### DATA SUPPLIED
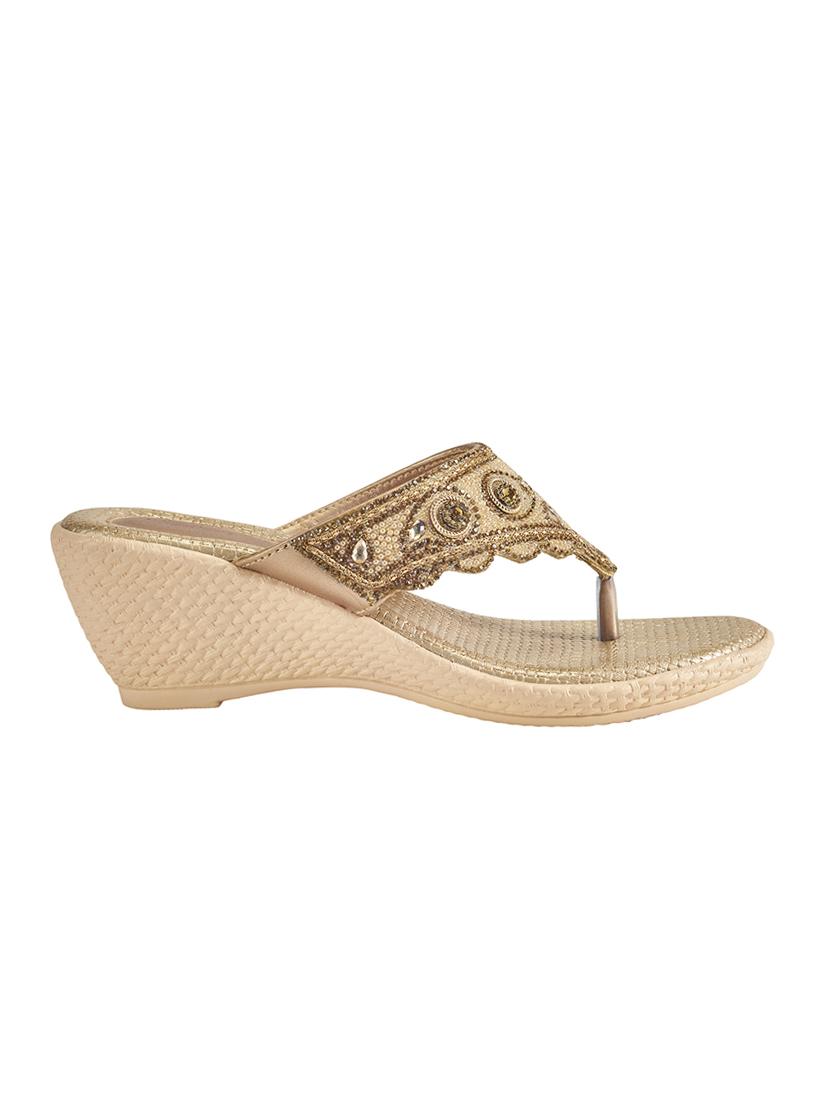 gold toe separator wedges - 15977780 - Zoom Image - 2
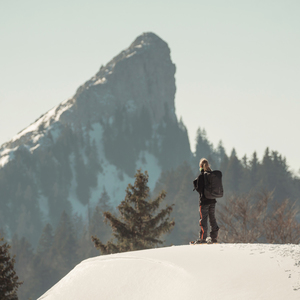 Fotografie k reklamnímu předmětu „Bobby batoh Explore“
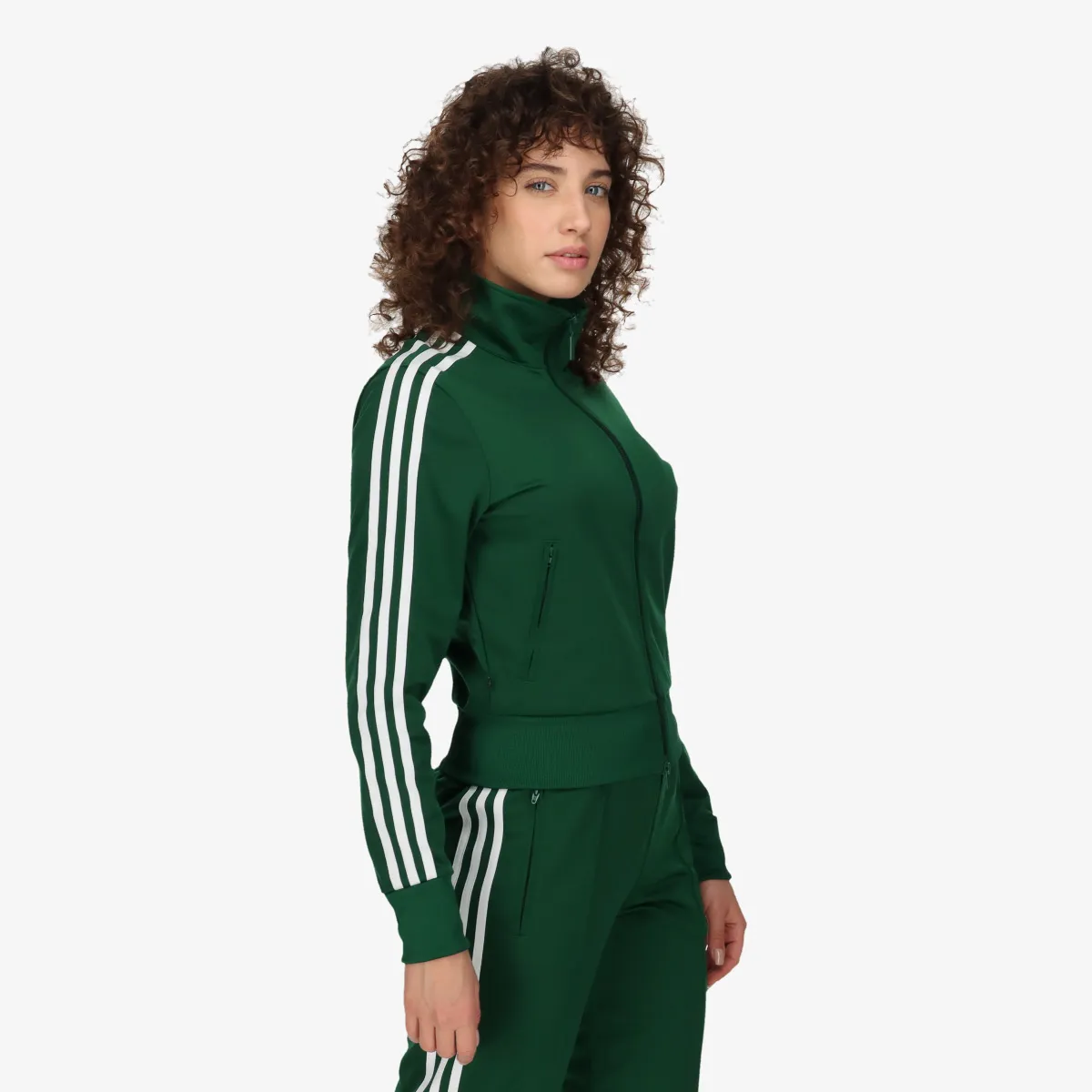 ADIDAS Hanorac ADICOLOR CLASSICS FIREBIRD TRACK JACKET<br />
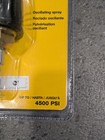    dewalt Dxpa45tn 4500 Psi Pressure Washer Turbo Spray Nozzle New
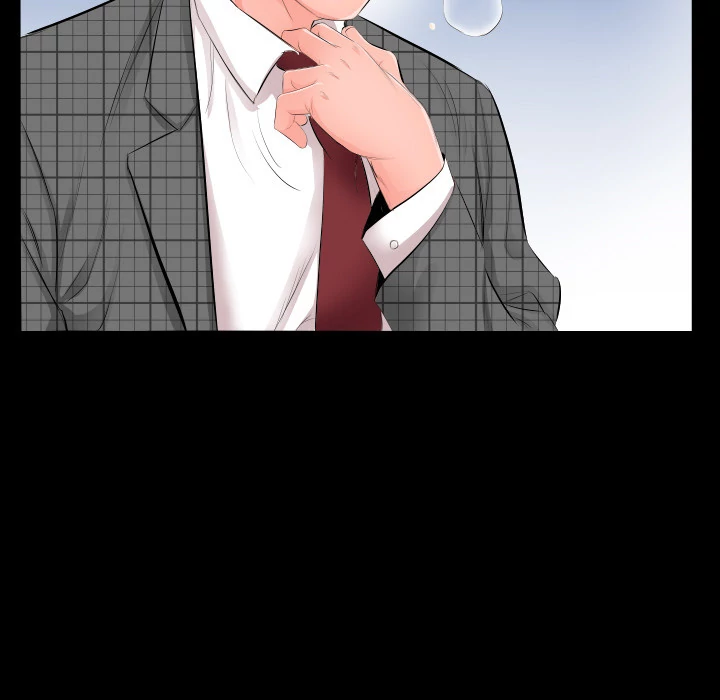Daddy’s Working chapter 3 page 91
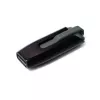 Verbatim Store 'n' Go V3 USB zibatmiņa, 256 GB, melna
######
TASK DESCRIPTION: Your copy should match the entries above exactly and contain no pictures.

EXERCISE RESULT:
 gold toe separator wedges - 15977780 - Zoom Image - 2
 Fotografie k reklamnímu předmětu „Bobby batoh Explore“
 ADIDAS Hanorac ADICOLOR CLASSICS FIREBIRD TRACK JACKET<br />
    dewalt Dxpa45tn 4500 Psi Pressure Washer Turbo Spray Nozzle New
Daddy’s Working chapter 3 page 91
 Verbatim Store 'n' Go V3 USB zibatmiņa, 256 GB, melna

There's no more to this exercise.